Quick answer. RCS works by sending messages over the internet (Wi-Fi or mobile data) through the phone’s native messaging app, instead of over the legacy cellular text channel. When two devices both support RCS, the message is delivered richly — with images, buttons, and read receipts. When the recipient can’t receive RCS, the message automatically falls back to SMS or MMS, so it still arrives. The standard that defines all of this is the GSMA’s RCS Universal Profile.
Technically, the messaging app performs a capability check to see whether the recipient can receive RCS. If yes, the content is sent over IP through an RCS backend (Google’s Jibe platform powers most of the world, alongside carrier deployments).
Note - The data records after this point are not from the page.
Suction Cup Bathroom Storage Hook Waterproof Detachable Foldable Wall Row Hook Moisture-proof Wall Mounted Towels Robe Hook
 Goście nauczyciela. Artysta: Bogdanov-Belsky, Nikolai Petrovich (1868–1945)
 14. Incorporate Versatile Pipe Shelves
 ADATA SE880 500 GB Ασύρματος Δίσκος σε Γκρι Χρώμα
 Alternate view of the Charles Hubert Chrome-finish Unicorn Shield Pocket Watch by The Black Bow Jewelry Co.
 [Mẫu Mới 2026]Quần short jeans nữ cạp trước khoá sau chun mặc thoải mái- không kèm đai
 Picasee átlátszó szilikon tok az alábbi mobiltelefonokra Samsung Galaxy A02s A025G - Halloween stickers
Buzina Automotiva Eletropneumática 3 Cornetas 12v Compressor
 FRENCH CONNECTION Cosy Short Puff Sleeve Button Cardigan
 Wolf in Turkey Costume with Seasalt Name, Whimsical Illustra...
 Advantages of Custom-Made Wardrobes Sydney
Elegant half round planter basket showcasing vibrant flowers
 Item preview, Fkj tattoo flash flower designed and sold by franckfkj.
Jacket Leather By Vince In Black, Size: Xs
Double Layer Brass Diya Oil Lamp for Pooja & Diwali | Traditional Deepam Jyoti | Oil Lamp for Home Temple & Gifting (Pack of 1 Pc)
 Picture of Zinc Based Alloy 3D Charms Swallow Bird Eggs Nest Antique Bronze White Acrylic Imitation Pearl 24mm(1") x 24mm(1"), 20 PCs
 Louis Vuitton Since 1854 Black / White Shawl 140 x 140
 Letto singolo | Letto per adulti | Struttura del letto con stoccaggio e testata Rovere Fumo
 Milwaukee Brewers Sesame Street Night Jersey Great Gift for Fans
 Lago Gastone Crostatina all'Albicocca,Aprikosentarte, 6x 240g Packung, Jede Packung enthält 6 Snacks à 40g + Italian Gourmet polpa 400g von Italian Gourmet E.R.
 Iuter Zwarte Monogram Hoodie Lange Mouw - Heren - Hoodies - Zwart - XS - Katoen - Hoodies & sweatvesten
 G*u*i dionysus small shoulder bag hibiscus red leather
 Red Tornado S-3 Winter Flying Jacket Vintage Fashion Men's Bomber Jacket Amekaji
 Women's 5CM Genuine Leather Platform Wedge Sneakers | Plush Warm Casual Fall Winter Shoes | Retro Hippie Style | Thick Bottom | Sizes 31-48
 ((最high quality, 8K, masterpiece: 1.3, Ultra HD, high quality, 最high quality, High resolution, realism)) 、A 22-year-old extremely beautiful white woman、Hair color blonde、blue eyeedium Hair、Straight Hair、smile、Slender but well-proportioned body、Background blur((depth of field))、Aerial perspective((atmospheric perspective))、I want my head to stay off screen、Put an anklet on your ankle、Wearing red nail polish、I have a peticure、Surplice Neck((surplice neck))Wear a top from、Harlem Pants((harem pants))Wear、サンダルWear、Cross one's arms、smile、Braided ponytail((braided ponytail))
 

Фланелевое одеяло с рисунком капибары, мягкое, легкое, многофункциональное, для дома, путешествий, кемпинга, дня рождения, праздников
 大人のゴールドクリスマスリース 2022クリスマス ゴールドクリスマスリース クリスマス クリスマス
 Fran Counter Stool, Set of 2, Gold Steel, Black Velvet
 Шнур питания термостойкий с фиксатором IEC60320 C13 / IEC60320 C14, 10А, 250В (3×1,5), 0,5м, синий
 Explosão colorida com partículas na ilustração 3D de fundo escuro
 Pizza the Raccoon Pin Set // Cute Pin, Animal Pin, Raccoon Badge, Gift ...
If no, it downgrades gracefully to SMS/MMS.
For business messaging, the path adds a step: a brand’s message goes from the business (or its platform, like SimplyRCS) to the RCS backend as a verified RCS agent, then to the customer’s inbox — with the same SMS/MMS fallback guaranteeing delivery.
Key facts
- Transport: IP-based, not the cellular voice/SMS channel — which is why RCS needs a data connection.
- Backbone: Google’s Jibe platform operates RCS for most carriers and for Google Messages; Apple Messages connects via supporting carriers.
- Fallback: SMS/MMS is the universal safety net and the reason RCS never costs you reach.